Dennoch habe ich mich jetzt, als die Wiederwahl anstand, nicht mehr für eine Wiederwahl zur Verfügung gestellt. Dafür gibt es Gründe.

Weil es sich um ein öffentliches Amt handelt und um Spekulationen entgegenzuwirken, habe ich mich auch entschieden meine Beweggründe, mich nicht mehr zur Verfügung zu stellen, offen zu legen:

  1. Meine neue Amtszeit hätte bis in den Ruhestand hineingereicht, d.h. ich hätte gar nicht eine volle Amtsperiode zur Verfügung gestanden. Ein Personalwechsel im Rahmen einer regulären Wahl schafft größere Planungssicherheit und Transparenz.
  2. Schon länger ist dem Rektorat (und auch mir) schmerzlich bewusst, dass keine Frauen im Rektorat sind. Ein Verzicht auf eine Wiederwahl ermöglicht hier eine längst überfällige Veränderung.
  3. Nach den Ordnungen der Hochschule empfiehlt der Senat die Prorektoren. Tatsächlich gewählt wird im Kuratorium der Hochschule. Da hier das Vertrauen mir gegenüber nicht mehr uneingeschränkt zu sein scheint, entlaste ich mit meiner Entscheidung von der ethischen Zwangslage, zwischen einer Empfehlung des Senats und eigenen Bedenken entscheiden zu müssen.

Die Gewichtung der drei Punkte ist nur in dieser Reihenfolge zu verstehen. Tatsächlich bestanden die Überlegungen zum Verzicht auf eine erneute Kandidatur bereits vor dem Sommer 2023 - also vor dem Schreiben und Erscheinen meines Artikels, in dem ich die biblischen Prinzipien, die für die Ehe gelten, auch für homosexuelle Partnerschaften als anwendbar bezeichnete. Jener Artikel führte bekanntlich zu massiven Vorbehalten gegenüber meiner Person. Die durch meine Entscheidung erfolgte Entlastung jener Kuratoriumsmitglieder ist also nur ein Nebeneffekt, der aber nicht unerwähnt bleiben soll.

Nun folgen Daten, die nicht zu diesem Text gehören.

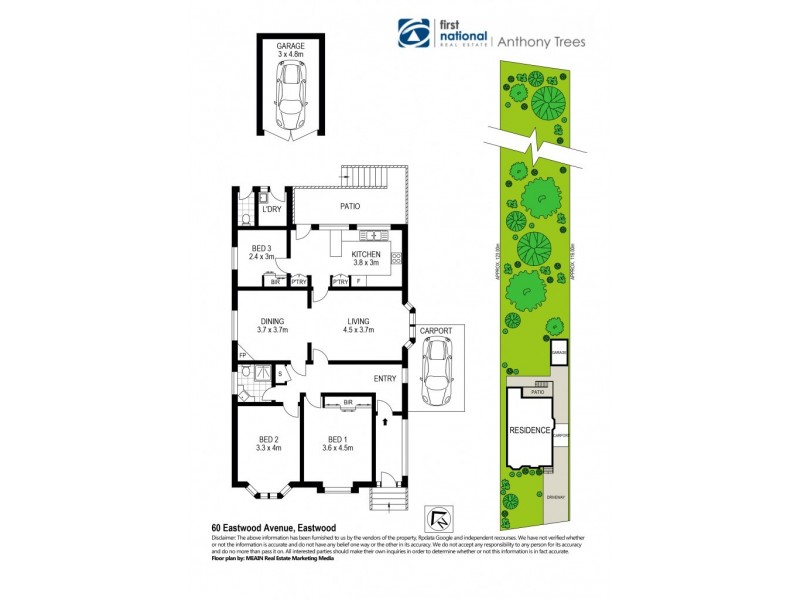 60 Eastwood Avenue, Eastwood NSW 2122 Floorplan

Meinen Nachfolger:innen im Amt, wünsche ich Weisheit und Mut für die nicht immer leichten Entscheidungen, für die repräsentativen Pflichten guten Appetit für Häppchen und Canapés, sowie Segen im Mittragen der Verantwortung für die Hochschule. Ich selbst werde weiter für den Rektor beten, ihm auf Wunsch auch beratend zur Seite stehen und ansonsten die eingesparte Sitzungszeit dafür nutzen, mich den anderen Aufgaben von Forschung und Lehre für die mir verbleibenden gut zwei Jahre verstärkt zu widmen.